According to DRR executives, the accelerated pace of the consolidation within the banking industry since 2005 has been unprecedented. In the third quarter of 2005, there were 8,854 insured institutions. By the third quarter of 2017, insured institutions decreased by 3,117 or 35 percent to 5,737 institutions. This consolidation created complex banking information systems throughout the industry. Large banks17 often have multiple deposit systems resulting from mergers with other banks. Complex account types further increase the difficulty in making insurance determinations for large banks. Consequently, rulemaking on insurance determinations has complemented CAS enhancement efforts and mitigated limitations in CAS capability.

12 C.F.R. § 360.9. This rule, which became effective on August 18, 2008, requires covered institutions to post and remove provisional holds on depositor accounts and provide a standard data format for generating deposit account and customer data.

The rule is intended to allow the deposit and other operations of a large insured depository institution . . . to continue functioning on the day following failure. The rule also is intended to permit the FDIC to fulfill its legal mandates regarding the resolution of failed insured institutions to provide liquidity to depositors promptly, enhance market discipline, ensure equitable treatment of depositors at different institutions and reduce the FDIC’s costs by preserving the franchise value of a failed institution.18

Footnote 18: 73 Fed. Reg. 41195 (Jul. 17, 2008).[End of footnote]

This rule is intended to give DRR the time that it needs to make an accurate insurance determination for a large bank resolution while providing customers access to a portion of their funds on deposit.19

Footnote 19: The FDIC has never implemented provisional holds per 12 C.F.R. § 360.9 for a bank failure.[End of footnote]

Because § 360.9 did not adequately address the challenges inherent in making timely and accurate insurance determinations in large institution failures, the FDIC issued another rule to help ensure timely resolution of the largest institutions – 12 C.F.R. Part 370. When issuing the new rule, the FDIC explained,

While Section 360.9 would assist the FDIC in fulfilling its legal mandates regarding the resolution of a failed institution that is subject to that rule, the FDIC believes that if the largest of depository institutions were to fail with little prior warning, additional measures would be needed to ensure the prompt and accurate payment of deposit insurance to all depositors . . . . Because of the potential problems posed by delays in determination and payment of deposit insurance, improved strategies must be implemented to ensure that deposit insurance can be paid promptly.20

Footnote 20: 81 Fed. Reg. 87735 (Dec. 5, 2016).[End of footnote]

12 C.F.R. Part 370. This rule requires covered institutions to have Information Technology (IT) systems that are capable of accurately calculating the deposit insurance coverage for each deposit account in accordance with the insurance determination rules21 within 24 hours after the FDIC is appointed as receiver. The rule became effective on April 1, 2017, and banks covered by the rule must be in compliance by April 2020. It applies to institutions with two million or more deposit accounts. As of June 2016, the 38 institutions that would be covered by this rule had between 2 million and 87 million deposit accounts. Of the 38 covered institutions, 13 had over 5 million deposit accounts, thereby exceeding DRR’s originally planned capacity for CAS.

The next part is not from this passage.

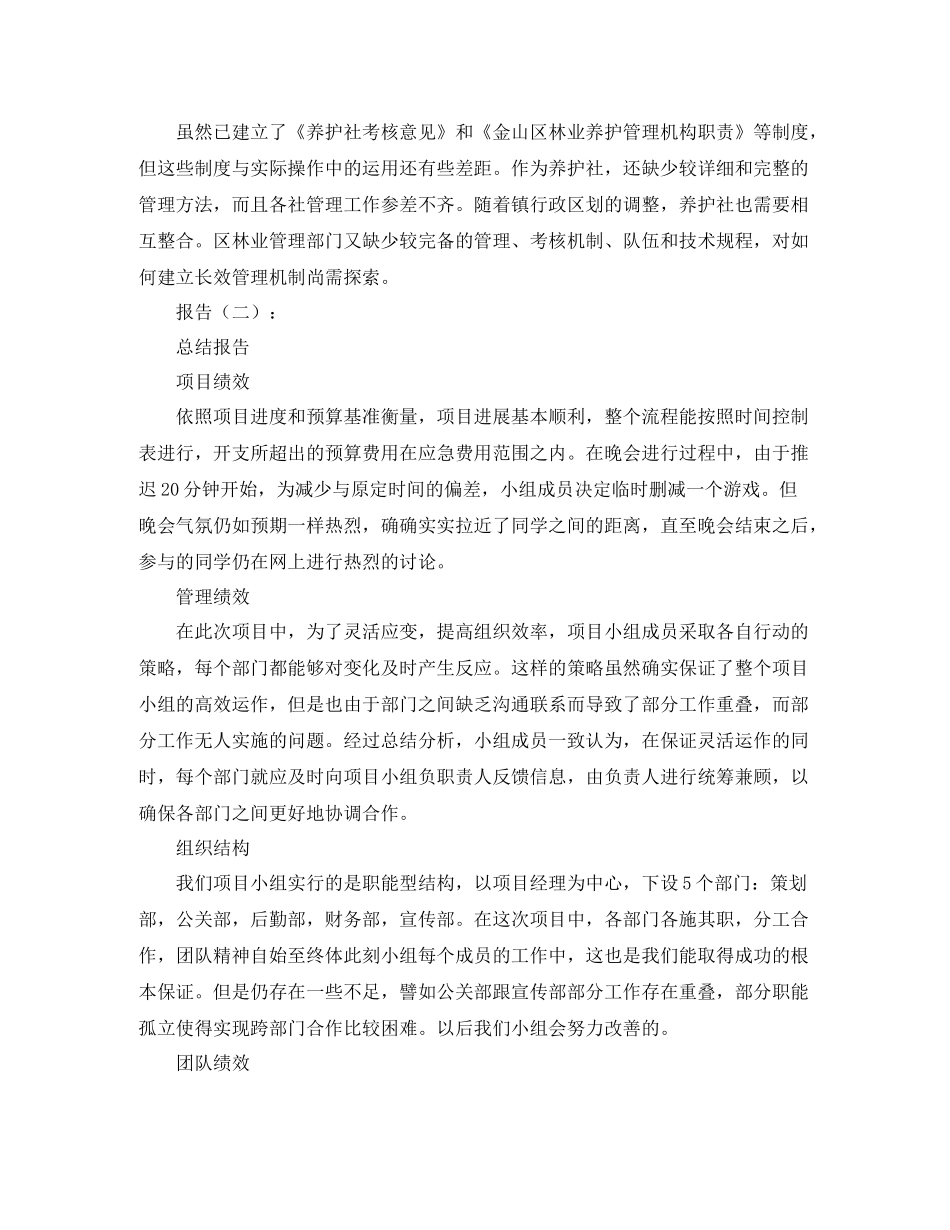 关于项目的总结报告范文_第3页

As such, according to DRR executives, the FDIC will not use CAS in failed institution resolutions covered by Part 370, but will use CAS for those institutions with fewer than two million deposit accounts. DRR has made an insurance determination for an institution with more than two million deposit accounts. Nevertheless, DRR believes there are good reasons to continue optimization of CAS capacity for making insurance determinations. For example, 12 C.F.R. Part 370 is not in full effect until April 2020, so CAS is the only option for a very large bank failure until then. Further, DRR has not used CAS to make an insurance determination for a large bank failure during a closing weekend, and the CAS optimization is intended to result in more timely insurance determinations.

When issuing Part 370, the FDIC determined that coverage should start at two million accounts. Financial institutions with over two million deposit accounts generally have their own unique IT systems, or multiple platforms as a result of mergers and acquisitions. The FDIC also concluded that institutions with more than two million deposit accounts had the necessary resources to handle the technical challenge of making insurance determinations for their customers.

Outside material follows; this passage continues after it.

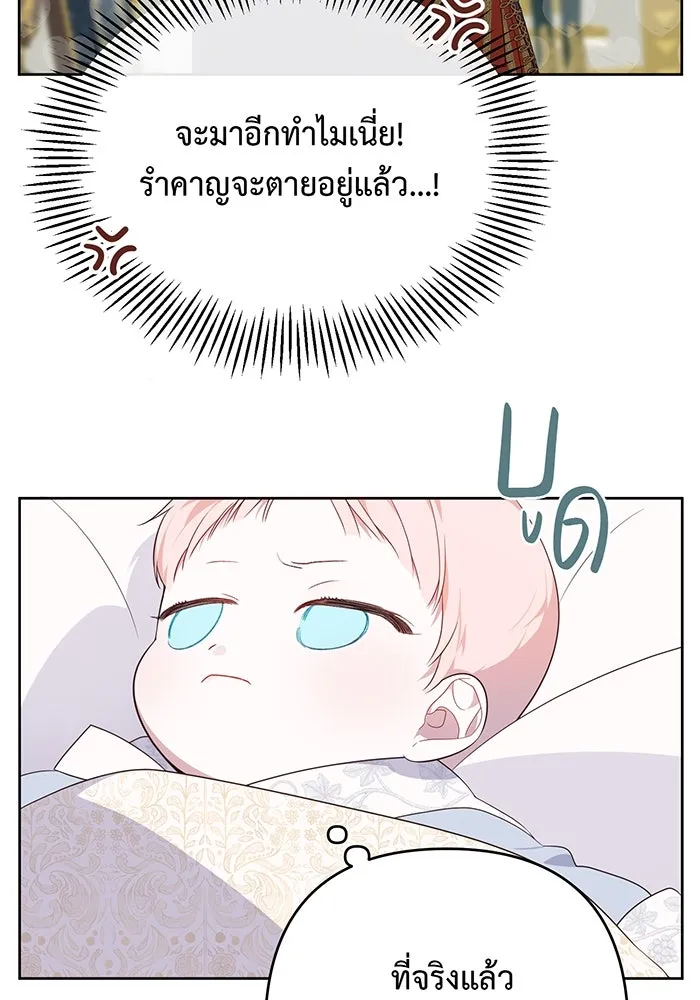 หนูน้อยทรราช ตอนที่ 2 รูปที่ 70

The FDIC estimated the total cost to covered institutions to comply with the requirements of Part 370 at $386 million.22 The FDIC noted that this cost is small in comparison to the covered institutions’ revenues and expenses and noted that industry costs represent 0.25 percent of pre-tax net income for the 38 covered institutions.

Footnote 22: The total estimated cost of the rule is $478 million, of which, $386 million will be borne by covered institutions and the remainder will be borne by depositors and the FDIC. [End of footnote]

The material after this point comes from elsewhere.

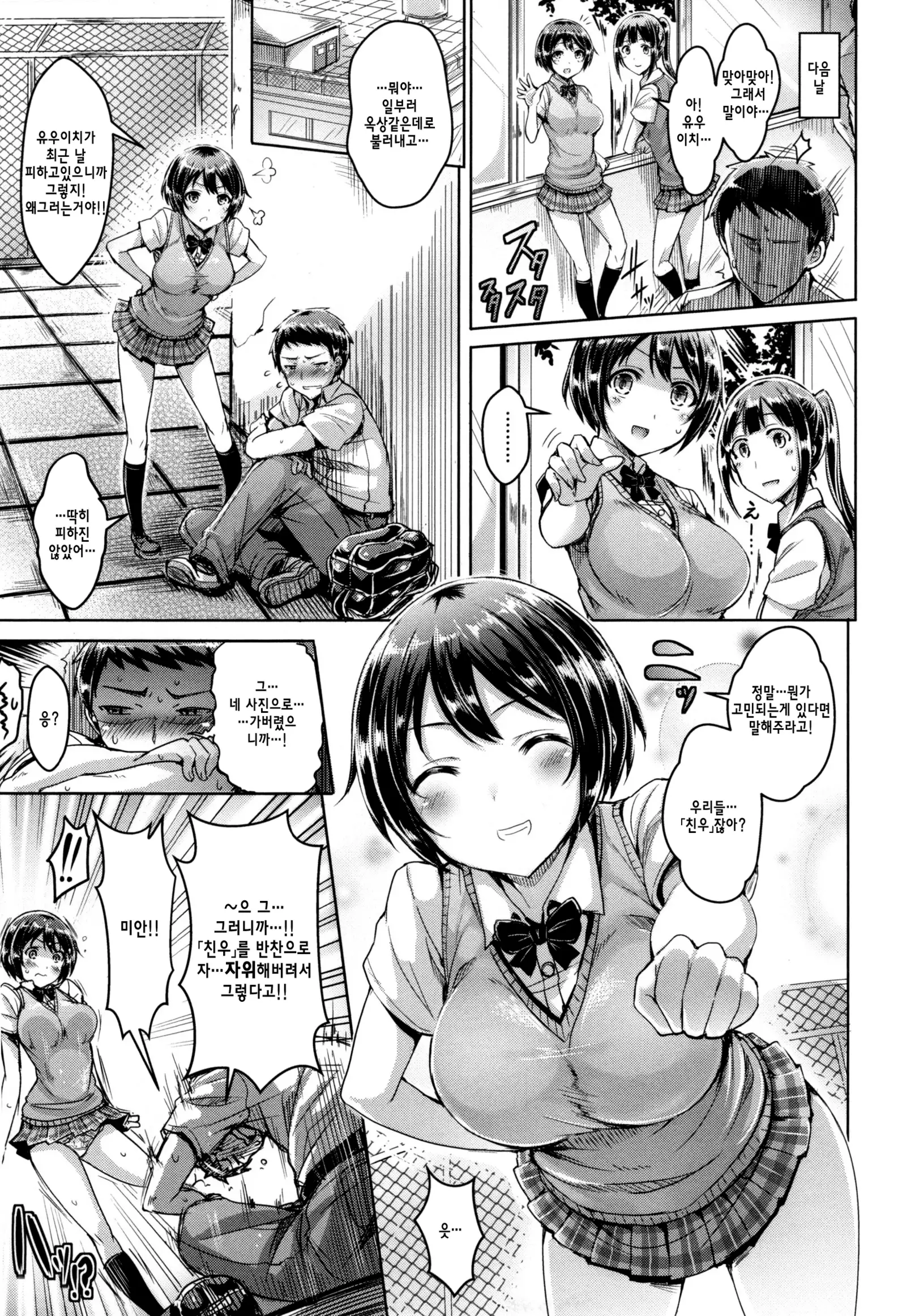 Koizome Marking + Toranoana Gentei Tokuten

The FDIC reported that benefits of the rule will accrue broadly to the public, bank customers, banks not covered by the rule, and the covered institutions. These benefits include ensuring prompt and efficient deposit insurance determinations; preserving the liquidity of deposit funds; enabling the FDIC to more readily resolve failed institutions; reducing the costs of failure of a covered institution by increasing the FDIC’s resolution options; and promoting long-term stability in the banking system.23 The FDIC reported that the rule should also benefit covered institutions by leading to efficiencies in managing customer data, improving their ability to serve their customers, and increasing their depositors’ confidence that deposit insurance can be paid promptly.

Footnote 23: The rule promotes long term stability by reinforcing public confidence in the banking system and reducing the misperception that uninsured depositors at large banks are less likely to incur losses in the event of failure than their counterparts at smaller institutions.[End of footnote]

Evaluation Results

CAS improved capacity, timeliness, and accuracy in making insurance determinations over the legacy RLS system. DRR did so by automating the insurance determination process, implementing controls that help ensure accuracy, and improving CAS to increase its capabilities.

However, CAS may not be able to meet the FDIC’s goals for capacity and timeliness for some large institutions. DRR had originally envisioned that CAS would have the capacity to make insurance determinations for financial institutions of any size. This included a system development expectation that CAS would be able to make an insurance determination for an institution with up to five million deposit accounts. DRR has made a pre-closing insurance determination using CAS for an institution with over 2.5 million accounts but has not tested CAS’s capacity further over a closing weekend.

As DRR and contractor staff developed CAS, the complexities of making an insurance determination for large institutions became apparent. DRR determined that inconsistent and incomplete institution records, combined with different and complex IT depositor information systems, created challenges for the FDIC in making prompt insurance determinations. To mitigate these challenges, the FDIC issued rules requiring large institutions to configure their deposit accounts in a standard format and develop the capability to calculate deposit insurance amounts. These rules should help to mitigate possible CAS limitations in capacity or timeliness in making insurance determinations for a large bank.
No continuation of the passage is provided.